The Bloomfield City Council held quite a debate last week, but finally decided on how to handle rate increases for the city’s sewer utility customers. Council members held the discussion during the June 6 meeting and debated many different ideas on how to increase rates in a way that they can raise funds to help pay for much needed sewer improvements.  

During the meeting, the council discussed the many things that need to be done to the sewer plant to help bring it into compliance with Iowa Department of Natural Resources regulations. Parts of those improvements are two lift stations, replacing guardrails, a trash basket and event upsizing lagoon piping from 16-inch to 20-inch pipes.

Hailey Gingerich of H.R. Green Company was on hand to explain some of the upgrades and repairs. In terms of the piping upsize, Gingerich said the 10-inch pipe would have to be installed in the lagoons themselves because they didn’t want to compromise lagoon levies.

Changes also include putting up an additional building to house needed equipment.

The estimated cost of the project stands at nearly $6.8 million based on cost estimates and engineering fee projections. The city is looking to bid the project next January.

City officials are looking at financing the project through a two-percent interest loan through the Iowa Finance Authority. Council members learned that seeking sewer revenue bonds would end up costing the city more than twice that amount in interest. The proposed loan would come with a 20-year payback period.

The council spent a lot of time and debate on how to increase sewer rates to help pay for the loan. Council members learned that the city would be required to have collected 110-percent of its first annual payment of that loan before the loan event gets issued. That figure amounts to more than $400,000.

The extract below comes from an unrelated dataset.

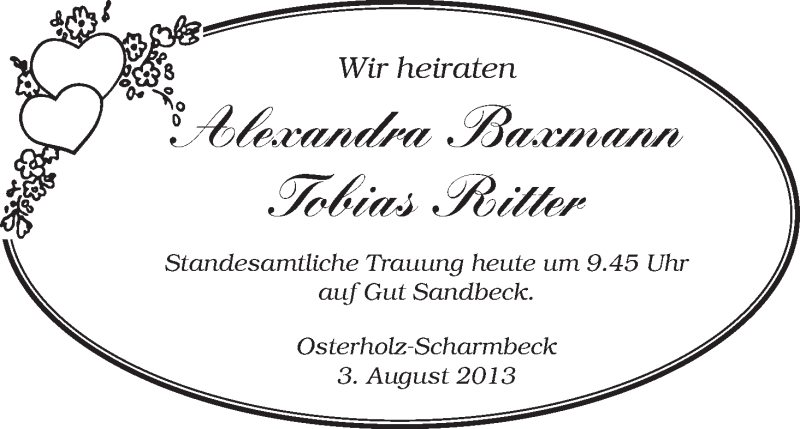 Hochzeitsanzeige von Alexandra Baxmann von WESER-KURIER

Council members spent a lot of time debating how to structure the rate increase to generate the revenue and to make the increase fair to everyone. During the discussion, the council learned that there were more than 2,100 utility customers who were hooked on to the city sewer. The council also learned that 920 of those customers were mainly customers who never paid more than the minimum billing charge because their sewer usage was 3,000 gallons or less per month.

Council members debated whether to tax the base sewer rate with the entire rate hike since all customers were paying that fee. Some felt that the larger sewer users should also be held more accountable for the rate increase based on their increased usage.

The council considered many options and discussed several different scenarios, but finally settled on an increase that boosted the base sewer rate from $26.58 to $36. For those with increased usage that part of the rate will jump from $6.10 per 1,000 gallons to $8.25 per $1,000. The addition usage rage is charged for all customers who exceed the 3,000-gallon minimum monthly allowable usage.

The council approved an agreement with HR Green to perform the topographic and right-of-way survey for several blocks of Bloomfield Streets to be included in the next street project.

The council approved a pay increase of 2 percent, plus a cost of living increase for all non-union employees of the city. Earl Howard, Jack Woolard and Scott Moore voted to approve the pay increase. Darin Garrett voted against it.

The council moved to stop all work on a culvert project on East Street in southeastern Bloomfield. The council voted to stop the project, because decisions needed to be made in regard to moving utilities to proceed with the project, which should have started earlier this month.

Council members discussed the possibility of continuing with a culvert or changing it to a bridge. The council was reminded that supplies had already been purchased to help construct the culvert. The council voted 3-0 to approve stoppage of the culvert project with Moore, Howard and Woolard voting in favor of the motion. Garrett abstained.

The council voted to approve a plan for paying for phase II of the Davis County Trails project. Council members learned that the city pledged $40,000 toward the project and that the trails council owed the city for $10,000 in unpaid funds. Council members agreed to take its most recently allotment of hotel motel tax funds and apply it toward the amount owed by the trails council.

The council discussed a noise ordinance change, but took no action. They also discussed potential changes to parking and stop sign issues around the city, but made no formal decisions on potential changes.

In other action, the council voted to approve the purchase of utility poles for the coming fiscal year. They council also voted to extend housing incentives to John Hilbert, Lincoln Lynch and Walter Fowler. The council also approved alcohol permits for Slick’s Place and for J’s One Stop.